WHAT YOU WILL DO >> Go to the line with "Stupid Bar Memes zsfuns2s5" in the records below, then output it and each following line exactly, up to and including the line with "25.04.2026 - Das". Skip pictures and add nothing.

Stored records >>
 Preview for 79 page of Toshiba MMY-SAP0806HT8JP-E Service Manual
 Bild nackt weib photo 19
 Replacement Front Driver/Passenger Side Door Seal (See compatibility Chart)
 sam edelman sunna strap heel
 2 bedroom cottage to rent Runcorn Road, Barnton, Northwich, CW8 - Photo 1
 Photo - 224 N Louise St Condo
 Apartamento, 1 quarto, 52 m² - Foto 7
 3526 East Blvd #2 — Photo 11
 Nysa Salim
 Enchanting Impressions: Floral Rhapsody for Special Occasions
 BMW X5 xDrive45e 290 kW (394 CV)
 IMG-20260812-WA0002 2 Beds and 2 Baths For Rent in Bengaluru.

---

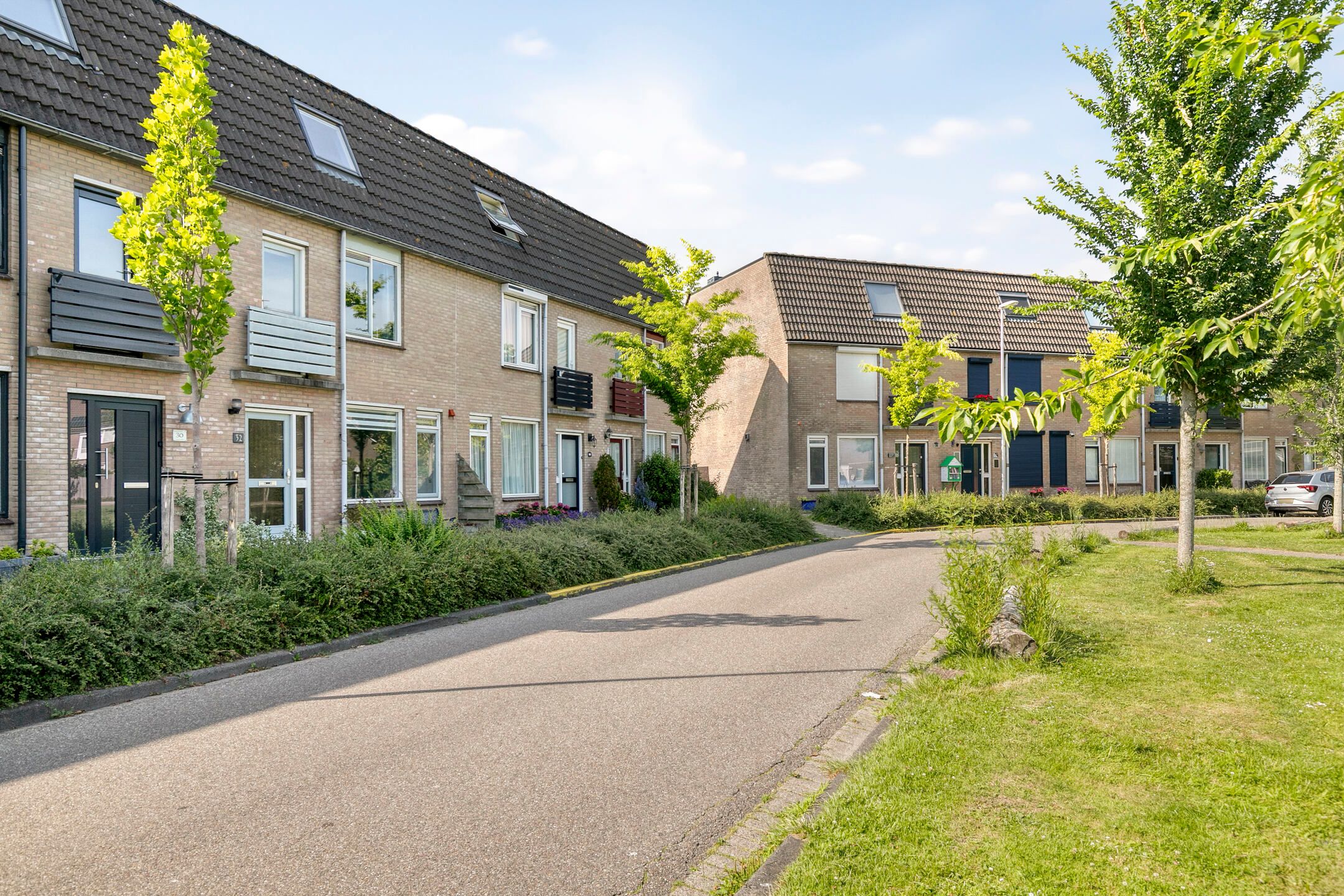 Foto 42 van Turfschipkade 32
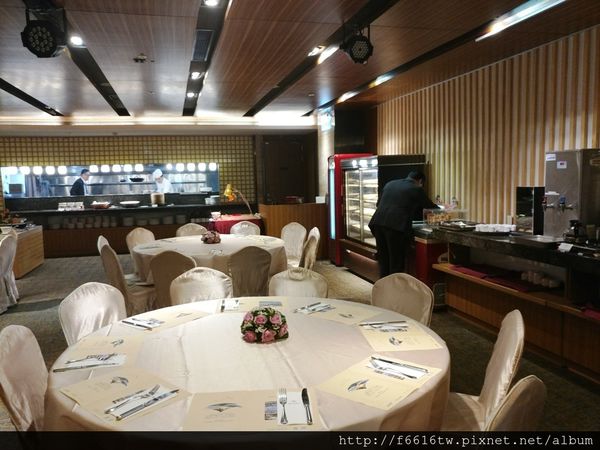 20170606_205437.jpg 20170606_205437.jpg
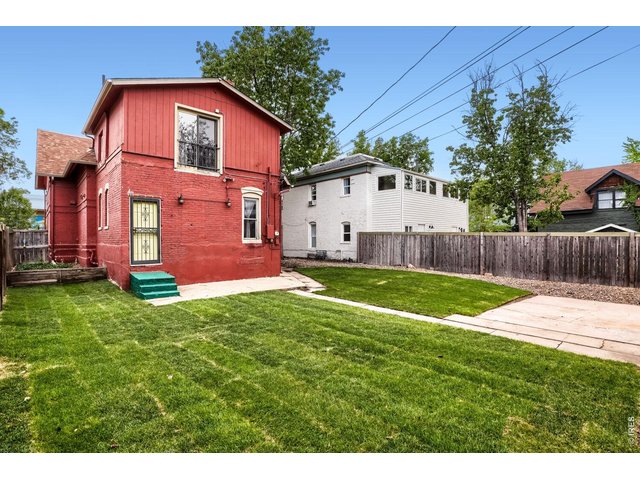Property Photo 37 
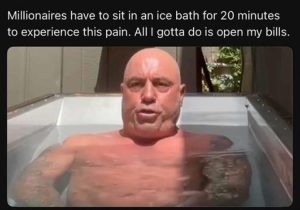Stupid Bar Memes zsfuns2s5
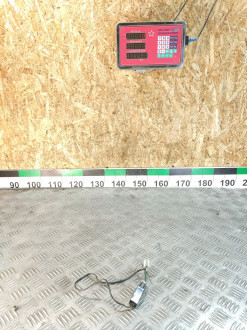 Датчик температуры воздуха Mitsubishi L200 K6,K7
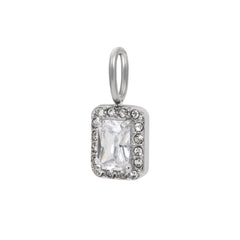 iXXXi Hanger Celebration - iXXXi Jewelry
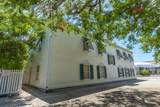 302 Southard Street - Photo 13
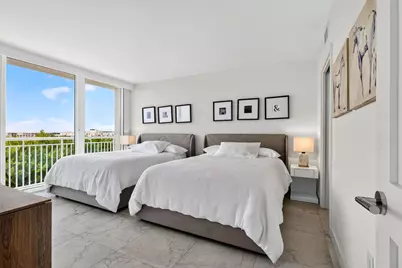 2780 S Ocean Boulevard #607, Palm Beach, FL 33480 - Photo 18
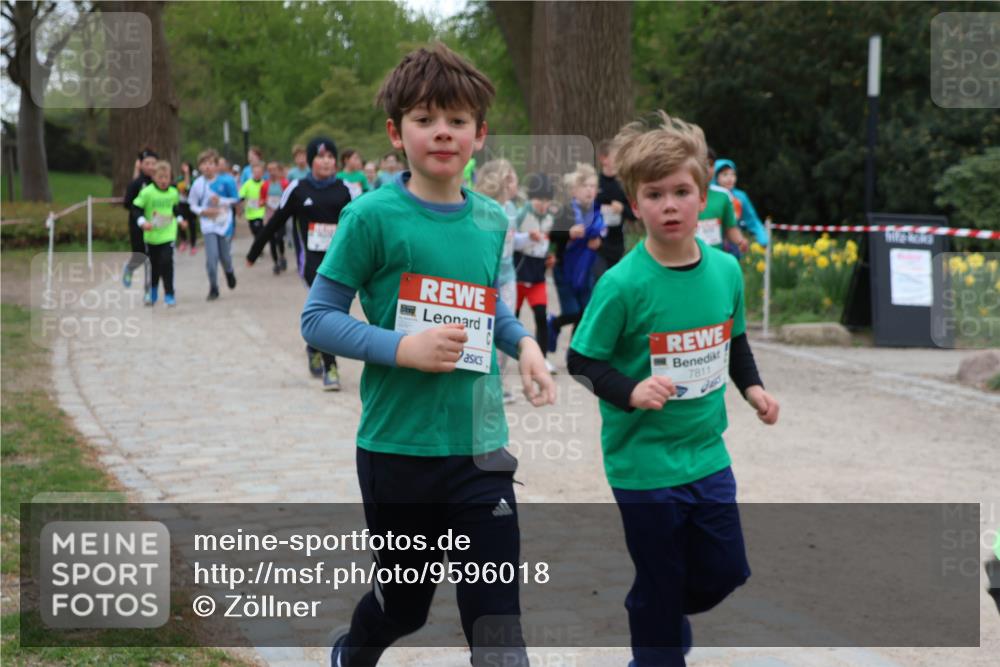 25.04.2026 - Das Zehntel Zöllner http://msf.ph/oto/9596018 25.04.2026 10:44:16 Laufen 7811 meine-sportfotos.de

==

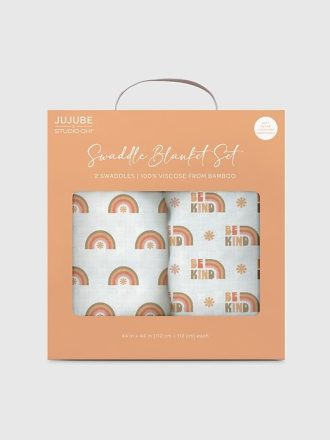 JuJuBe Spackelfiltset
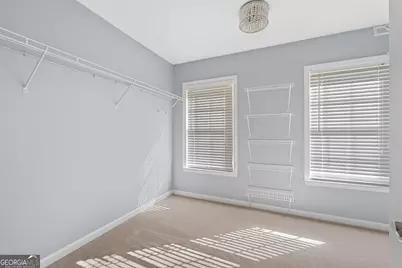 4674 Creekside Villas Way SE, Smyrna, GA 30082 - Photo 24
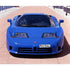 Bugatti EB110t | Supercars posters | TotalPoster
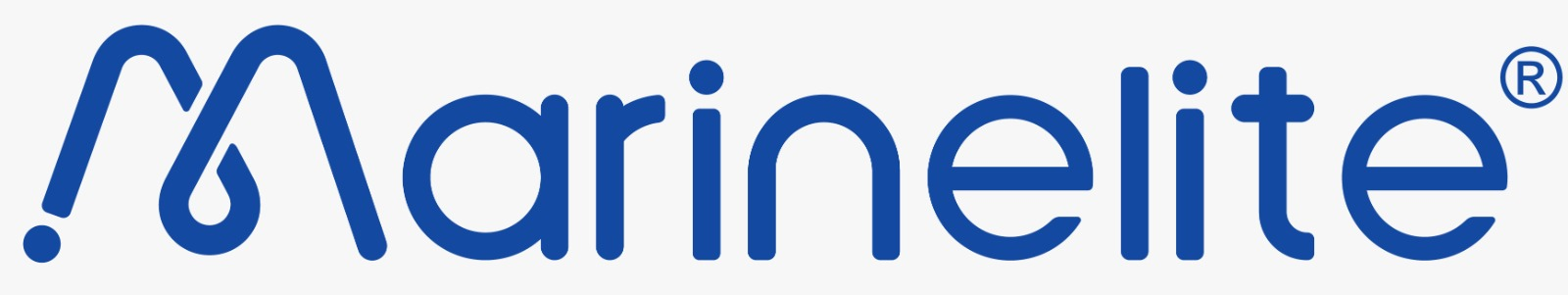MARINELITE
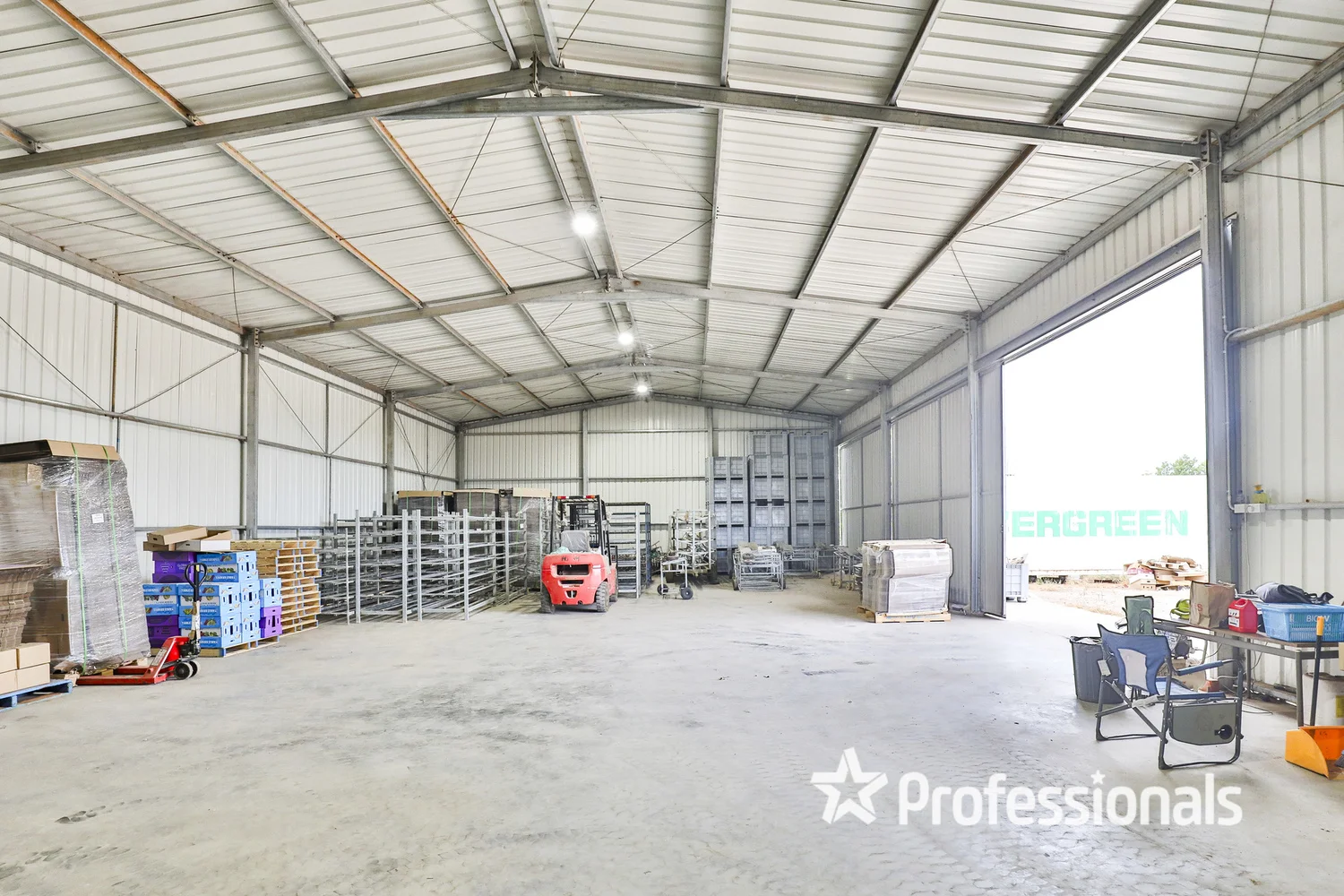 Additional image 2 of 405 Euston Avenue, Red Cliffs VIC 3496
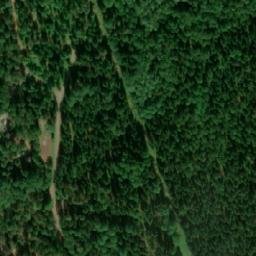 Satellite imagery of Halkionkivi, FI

OUTPUT >>
Stupid Bar Memes zsfuns2s5
 Датчик температуры воздуха Mitsubishi L200 K6,K7
 iXXXi Hanger Celebration - iXXXi Jewelry
 302 Southard Street - Photo 13
 2780 S Ocean Boulevard #607, Palm Beach, FL 33480 - Photo 18
 25.04.2026 - Das Zehntel Zöllner http://msf.ph/oto/9596018 25.04.2026 10:44:16 Laufen 7811 meine-sportfotos.de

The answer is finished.